2.  Test your app thoroughly before releasing it.  Carpenters have an old adage:  “Measure twice, cut once.”  The corollary for app developers:  Take advantage of readily available free or low-cost methods for testing the security of your apps before you put them into consumers’ hands.

3.  Consider how people will use your apps.  There’s a reason why SSL is so important in the mobile environment and why the iOS and Android developer documentation makes such a big deal about it:  because people often use mobile apps on unsecured public Wi-Fi networks.  Like chess players, developers need to think a few moves ahead.  Before releasing an app, think through how people are likely to use it and secure it with those real-world considerations in mind.

4.  You’re responsible for what others do on your behalf.  According to the complaint, Credit Karma authorized a service provider to disable the SSL certificate validation process during pre-release testing, but didn’t see to it that the security settings were restored after that.  The first concern:  The testing could have been done without turning the defaults off.  But even so, it’s critically important that companies make sure everything is back in apple pie order before consumers get the app.
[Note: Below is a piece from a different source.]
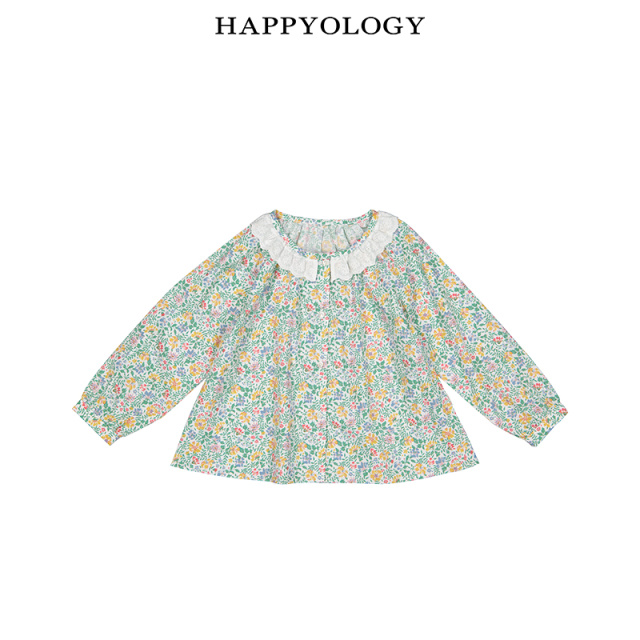 12315428.happyology英国棉布刺绣花边女童衬衫春秋款碎花英伦衬衣原创印花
5.  Keep your ear to the ground.  There’s an active research community out there that shares information about potential security vulnerabilities.  But by responding to a serious warning with a standard “bedbug letter,” Fandango missed the opportunity to fix the problems.  Has a knowledgeable person contacted your company recently about a potential risk?  And is that message languishing unread in an email box?

6.  Consult available resources. The FTC brochure, Mobile App Developers: Start with Security, offers advice for companies about protecting against this type of vulnerability:

To protect users, developers often deploy SSL/TLS in the form of HTTPS. Consider using HTTPS or another industry-standard method. There’s no need to reinvent the wheel.  If you use HTTPS, use a digital certificate and ensure your app checks it properly. A no-frills digital certificate from a reputable vendor is inexpensive and helps your customers ensure they’re communicating with your servers, and not someone else’s.  But standards change, so keep an eye on current technologies, and make sure you’re using the latest and greatest security features.

Bookmark the FTC’s Privacy & Security page and consult other public sources for free information about developing safer apps.